From a historical-sociopolitical narrative, pride of place first of all does of course has to go with the founders of Rome, who established the city and its traditions, as well as conquered the bulk of what was to become the Empire – the Iron/Age Republic group. However, from the same narrative perspective, second place has to go to the extenders, maintainers, and rulers of the Empire, who established the Pax Romana. Now, one cannot conflate all of the urban rabble of any period (Iron Age/Republic as well as Imperial, or later) with the ruling strata. Thus, from a biopolitical perspective, the ruling strata of the Imperial period would likely be those of European Mediterranean stock; that Imperial population would likely be similar to the smaller “group 2” fraction of the Iron/Age Republic era described above.

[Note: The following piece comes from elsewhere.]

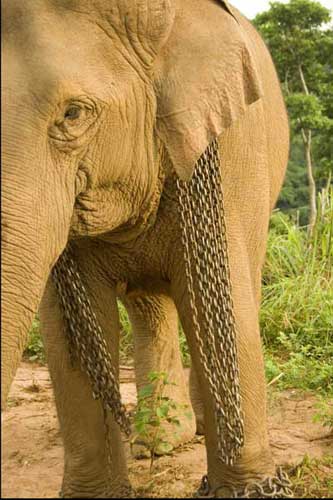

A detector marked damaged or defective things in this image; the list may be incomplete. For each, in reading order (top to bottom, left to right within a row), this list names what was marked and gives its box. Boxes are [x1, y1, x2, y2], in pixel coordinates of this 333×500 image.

rusty chain [175, 138, 243, 464] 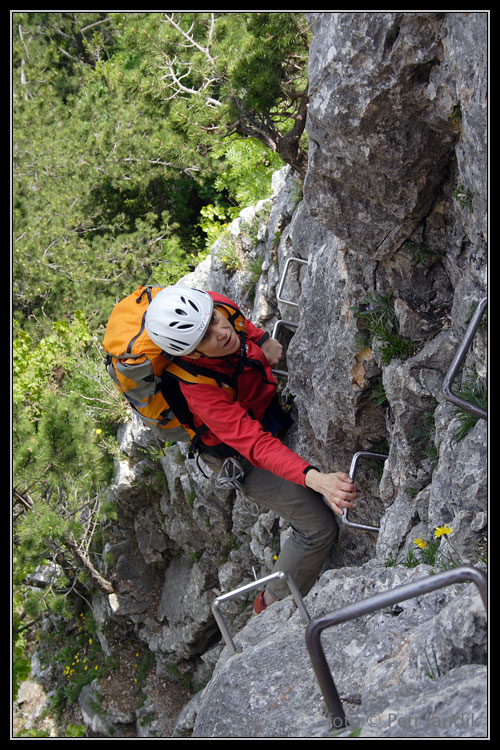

An important take-away point on all of this is that the political situation of a polity can affect its genetic composition (which we know intuitively, but it is demonstrated here). The division of the Roman Empire between West and East shifted the genetics of Rome in a more “western and northern” direction. Indeed, these data support a trend opposite of “movement” dogma – it is more that political changes drive genetic changes than vice versa (although, in theory, there can be feedback in both directions; the point here is that the Roman data – from the “movements” own assumptions about population character – support the politics affecting genes’ direction and not the reverse).
Similar to Ancient Rome, a European Imperium that deports non-Europeans and cuts off population movements with non-Europe will decrease kinship overlap between Europe and non-Europe and increase kinship overlap between European peoples, given enough time (and the latter will occur without any panmixia).
In any case, with respect to the paper, we can expect the most outrageous lies, distortions, and misinterpretations about it from the fundamentally dishonest “movement.” They’ve done it before. I urge the reader to take a look at the paper itself (and much of the text is reproduced here, above), including the supplementary data section, and come to your own conclusions. Hopefully, you’ll see that my summary is essentially correct and that whatever nonsense Der Movement comes up with is just that – nonsense.